Zukunftsängste mit 21?
Hallo,
Ich möchte mich zu einem Thema äußern, über das ich mit niemandem sprechen kann.
Ich werde bald 21, habe bereits einen festen Job und studiere berufsbegleitend. Seit über zwei Jahren bin ich in einer Beziehung. Ich wohne noch bei meinen Eltern und habe ein sehr gutes Verhältnis zu ihnen – besonders mein Vater ist wie ein bester Freund für mich.
Ich habe eine eigene Etage, ein großes Zimmer und viele Freiheiten. Trotzdem leide ich seit Anfang des Jahres unter starken Zukunftsängsten und habe große Angst davor, wirklich erwachsen zu werden.
Auch wenn ich bereits ein „erwachsenes Leben“ führe – mit 40-Stunden-Job, eigenem Auto, finanziellem Einkommen und Studium – fühle ich mich innerlich oft noch wie 17 oder 18.
Die Zeit vergeht gefühlt so schnell, und ich habe ständig den Gedanken, dass meine Eltern immer älter werden – und ich sie irgendwann verlieren werde.
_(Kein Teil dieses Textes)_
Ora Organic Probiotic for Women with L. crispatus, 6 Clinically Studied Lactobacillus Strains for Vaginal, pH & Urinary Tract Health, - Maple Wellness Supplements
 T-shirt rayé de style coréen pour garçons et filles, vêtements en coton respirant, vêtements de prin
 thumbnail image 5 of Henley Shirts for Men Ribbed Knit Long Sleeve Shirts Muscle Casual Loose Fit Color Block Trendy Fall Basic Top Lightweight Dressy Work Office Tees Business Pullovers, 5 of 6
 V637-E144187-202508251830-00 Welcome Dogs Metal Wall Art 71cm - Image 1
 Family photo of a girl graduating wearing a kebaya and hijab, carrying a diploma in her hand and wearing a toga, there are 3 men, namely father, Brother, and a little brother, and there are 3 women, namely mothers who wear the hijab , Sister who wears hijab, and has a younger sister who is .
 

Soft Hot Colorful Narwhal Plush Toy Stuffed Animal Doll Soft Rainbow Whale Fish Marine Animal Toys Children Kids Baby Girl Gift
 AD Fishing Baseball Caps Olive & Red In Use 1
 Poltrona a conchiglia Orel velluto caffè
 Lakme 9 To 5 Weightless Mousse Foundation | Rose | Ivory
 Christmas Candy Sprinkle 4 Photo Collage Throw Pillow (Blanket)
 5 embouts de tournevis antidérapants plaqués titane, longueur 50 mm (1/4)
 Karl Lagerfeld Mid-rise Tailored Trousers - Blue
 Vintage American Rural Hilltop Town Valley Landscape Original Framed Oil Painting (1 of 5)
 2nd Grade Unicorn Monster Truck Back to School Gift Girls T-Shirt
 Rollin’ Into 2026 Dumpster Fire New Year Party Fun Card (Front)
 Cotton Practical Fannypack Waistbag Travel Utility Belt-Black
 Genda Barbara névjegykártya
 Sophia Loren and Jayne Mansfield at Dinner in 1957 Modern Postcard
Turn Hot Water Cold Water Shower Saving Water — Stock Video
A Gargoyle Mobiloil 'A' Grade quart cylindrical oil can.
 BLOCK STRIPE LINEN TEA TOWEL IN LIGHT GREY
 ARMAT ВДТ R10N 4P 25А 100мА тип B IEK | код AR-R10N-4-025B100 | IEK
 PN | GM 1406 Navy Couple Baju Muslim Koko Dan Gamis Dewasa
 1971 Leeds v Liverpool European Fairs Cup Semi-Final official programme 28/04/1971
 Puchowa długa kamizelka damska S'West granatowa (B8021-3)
Dieser Gedanke bringt mich sofort zum Weinen.
Mein Freund und ich planen, uns mit 23 zu verloben und mit 24 bzw. 25 zu heiraten. Wir kommen beide aus einem türkischen Haushalt (nicht konservativ oder streng muslimisch), deshalb plant man solche Schritte schon im Voraus und zieht in der Regel erst nach der Hochzeit zusammen.
Doch ich kann den Gedanken nicht loslassen, dass ich bald verheiratet bin, ausziehe und mein jetziges Leben hinter mir lasse – das gemeinsame Essen, das Nachhausekommen zu meinen Eltern, die Urlaube mit der Familie.
Ich liebe meinen Freund, aber ich habe das Gefühl, dass ich nie wirklich bereit sein werde, diesen Schritt zu gehen.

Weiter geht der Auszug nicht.